Au même instant (on ne sait plus si en effet nous n’avons pas quitté pour jamais la règle de l’unité et les autres lois d’Aristote), le poète interrompt son hymne et son imprécation commencées (imprécation éloquente à ce point que Lucrèce l’a transportée dans son poème) pour gourmander l’ingratitude et la paresse des Athéniens.
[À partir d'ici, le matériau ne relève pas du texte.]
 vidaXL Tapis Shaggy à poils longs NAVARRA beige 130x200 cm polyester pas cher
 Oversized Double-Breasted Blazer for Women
C’est alors qu’Aristophane a des paroles de roses, car il fait sa propre louange. Quoi ! on lui a refusé, l’an passé, le prix de poésie ! et il a été forcé, avant de se nommer en plein théâtre, d’avoir quarante ans accomplis (c’était en effet la volonté de la loi, qui regardait la poésie dramatique comme un sacerdoce) 1 A ces louanges du poêle, le chœur répond qu’il faut en effet accorder mille récompenses au poète Aristophane ! Il a combattu Cléon tout-puissant ; vaincu, il l’a respecté. Il a été indignement copié par son confrère Eupolis, membre de l’association dramatique.

Même, son autre confrère, Hemippus, lui a dérobé un de ses plus plaisants caractères, et cette belle pensée… un vrai proverbe : Que les Athéniens étaient plus heureux que sages !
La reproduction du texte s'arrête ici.